With statistics indicating that up to 11 per cent of road fatality crashes involving drivers and riders are linked to distraction, the technology could be implemented to crack down on distraction offences in a move which could reduce the number of lives lost on Victorian roads.
The technology is already being rolled out across Australia. Last year the New South Wales government conducted a world-first trial with the technology - which was closely monitored in Victoria. It has now been rolled out across the state.
A similar trial will also be conducted in Queensland from this week.
The Victorian trial - to be undertaken by Melbourne-based provider Acusensus and the current traffic camera services contractor - follows the trial in NSW as well as research conducted by the Monash University Accident Research Centre.
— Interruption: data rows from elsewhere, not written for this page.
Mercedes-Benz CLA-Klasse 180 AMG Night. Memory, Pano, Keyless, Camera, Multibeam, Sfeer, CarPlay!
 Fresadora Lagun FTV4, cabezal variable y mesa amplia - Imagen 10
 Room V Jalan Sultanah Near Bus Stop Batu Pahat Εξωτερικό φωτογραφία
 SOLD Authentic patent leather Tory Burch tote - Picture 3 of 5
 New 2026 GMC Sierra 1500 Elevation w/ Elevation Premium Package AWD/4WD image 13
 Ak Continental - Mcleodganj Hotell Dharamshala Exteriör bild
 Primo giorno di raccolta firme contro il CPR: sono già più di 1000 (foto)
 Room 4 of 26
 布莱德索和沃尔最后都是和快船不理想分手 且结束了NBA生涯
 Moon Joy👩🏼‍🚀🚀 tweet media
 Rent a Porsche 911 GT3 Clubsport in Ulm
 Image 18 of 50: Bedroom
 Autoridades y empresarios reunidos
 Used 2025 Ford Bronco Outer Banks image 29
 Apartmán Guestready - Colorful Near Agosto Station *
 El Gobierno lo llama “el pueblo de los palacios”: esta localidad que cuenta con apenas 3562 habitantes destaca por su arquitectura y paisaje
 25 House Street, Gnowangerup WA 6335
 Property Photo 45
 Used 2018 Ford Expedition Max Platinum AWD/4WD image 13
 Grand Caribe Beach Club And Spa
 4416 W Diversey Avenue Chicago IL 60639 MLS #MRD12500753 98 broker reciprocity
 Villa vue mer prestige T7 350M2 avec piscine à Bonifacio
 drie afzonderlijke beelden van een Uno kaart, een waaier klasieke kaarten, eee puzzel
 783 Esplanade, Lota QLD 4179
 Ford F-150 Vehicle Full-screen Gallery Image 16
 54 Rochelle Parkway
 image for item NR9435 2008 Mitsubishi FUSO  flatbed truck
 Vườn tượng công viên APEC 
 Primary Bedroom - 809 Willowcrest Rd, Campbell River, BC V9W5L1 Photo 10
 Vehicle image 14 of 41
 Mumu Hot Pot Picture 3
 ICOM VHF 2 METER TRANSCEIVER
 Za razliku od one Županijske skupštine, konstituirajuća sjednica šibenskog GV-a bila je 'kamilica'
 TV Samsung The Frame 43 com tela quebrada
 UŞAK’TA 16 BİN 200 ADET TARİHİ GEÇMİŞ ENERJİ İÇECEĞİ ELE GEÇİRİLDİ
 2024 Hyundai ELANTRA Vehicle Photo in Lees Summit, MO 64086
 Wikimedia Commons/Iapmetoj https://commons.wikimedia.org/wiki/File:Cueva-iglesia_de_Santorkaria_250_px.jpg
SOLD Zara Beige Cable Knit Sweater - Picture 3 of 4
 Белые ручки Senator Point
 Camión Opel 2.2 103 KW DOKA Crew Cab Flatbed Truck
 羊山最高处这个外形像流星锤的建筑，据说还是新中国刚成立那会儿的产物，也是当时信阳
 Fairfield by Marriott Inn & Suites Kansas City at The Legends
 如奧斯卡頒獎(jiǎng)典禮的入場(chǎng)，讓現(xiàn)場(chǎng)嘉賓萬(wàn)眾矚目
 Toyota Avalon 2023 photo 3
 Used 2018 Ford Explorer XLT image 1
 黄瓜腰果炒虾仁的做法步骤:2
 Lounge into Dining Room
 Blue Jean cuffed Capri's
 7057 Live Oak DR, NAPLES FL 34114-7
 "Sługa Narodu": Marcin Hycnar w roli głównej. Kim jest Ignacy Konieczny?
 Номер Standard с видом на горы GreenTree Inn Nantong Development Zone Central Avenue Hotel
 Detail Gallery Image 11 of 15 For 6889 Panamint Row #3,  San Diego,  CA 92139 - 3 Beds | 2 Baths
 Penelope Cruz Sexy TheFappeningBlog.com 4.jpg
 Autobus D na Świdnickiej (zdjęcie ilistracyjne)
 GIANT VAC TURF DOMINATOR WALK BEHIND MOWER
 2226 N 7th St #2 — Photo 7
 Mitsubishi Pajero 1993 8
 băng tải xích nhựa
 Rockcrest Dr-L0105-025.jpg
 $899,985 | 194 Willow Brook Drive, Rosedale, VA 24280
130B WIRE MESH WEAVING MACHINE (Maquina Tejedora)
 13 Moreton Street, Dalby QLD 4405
MUARC estimated an automated mobile phone enforcement camera program could prevent about 95 casualty crashes per year - saving taxpayers $21 million each year.
If introduced in Victoria, the cameras will be able to capture high-resolution images from any location around-the-clock.
The cameras can operate in any weather condition or lighting level, with the images able to be reviewed in real time - meaning more drivers would be caught out if the technology were to be rolled out statewide.
No infringements will be issued during the trial.
Number plate matching will not be undertaken, while all photographs captured will be deleted except for some images which will be de-identified.
Police and Emergency Services minister, Lisa Neville, said distracted drivers could have devastating outcomes and the technology was a step to keep road users safe.
"We all have a role to play in reducing our road toll - every time someone picks up their phone behind the wheel they are putting lives in danger.
"This technology will detect those who choose to put lives at risk on our roads."
The state government provided more than $120 million in the 2019-20 budget to increase mobile camera enforcement by 75 per cent and to investigate new road safety camera capabilities.